Extracted material:
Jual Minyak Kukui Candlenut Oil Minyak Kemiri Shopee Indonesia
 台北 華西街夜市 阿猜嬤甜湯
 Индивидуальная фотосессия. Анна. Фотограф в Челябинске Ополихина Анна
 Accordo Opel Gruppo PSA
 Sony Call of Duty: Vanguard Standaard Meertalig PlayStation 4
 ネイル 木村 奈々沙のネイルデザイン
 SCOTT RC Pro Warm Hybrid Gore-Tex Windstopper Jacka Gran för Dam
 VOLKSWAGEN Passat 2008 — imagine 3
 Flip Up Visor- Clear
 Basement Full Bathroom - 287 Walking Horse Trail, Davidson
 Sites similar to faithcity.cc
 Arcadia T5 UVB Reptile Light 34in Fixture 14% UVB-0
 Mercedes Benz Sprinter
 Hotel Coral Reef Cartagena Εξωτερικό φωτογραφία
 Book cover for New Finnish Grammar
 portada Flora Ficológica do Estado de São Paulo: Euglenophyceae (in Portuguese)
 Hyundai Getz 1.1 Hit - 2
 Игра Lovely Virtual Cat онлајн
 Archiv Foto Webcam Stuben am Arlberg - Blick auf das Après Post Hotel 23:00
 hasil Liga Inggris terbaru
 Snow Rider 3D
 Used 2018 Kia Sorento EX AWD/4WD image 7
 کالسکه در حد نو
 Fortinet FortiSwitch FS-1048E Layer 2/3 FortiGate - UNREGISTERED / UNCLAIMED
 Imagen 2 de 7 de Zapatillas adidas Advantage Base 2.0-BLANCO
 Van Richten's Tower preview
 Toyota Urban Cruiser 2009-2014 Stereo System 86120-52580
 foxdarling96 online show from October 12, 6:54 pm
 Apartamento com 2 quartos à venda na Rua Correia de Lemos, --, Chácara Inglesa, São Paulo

Required action: Start at the line containing "Fortinet FortiSwitch FS-1048E" and copy each line through the last one in the records, exactly and with nothing added.

Response to this exercise:
 Fortinet FortiSwitch FS-1048E Layer 2/3 FortiGate - UNREGISTERED / UNCLAIMED
 Imagen 2 de 7 de Zapatillas adidas Advantage Base 2.0-BLANCO
 Van Richten's Tower preview
 Toyota Urban Cruiser 2009-2014 Stereo System 86120-52580
 foxdarling96 online show from October 12, 6:54 pm
 Apartamento com 2 quartos à venda na Rua Correia de Lemos, --, Chácara Inglesa, São Paulo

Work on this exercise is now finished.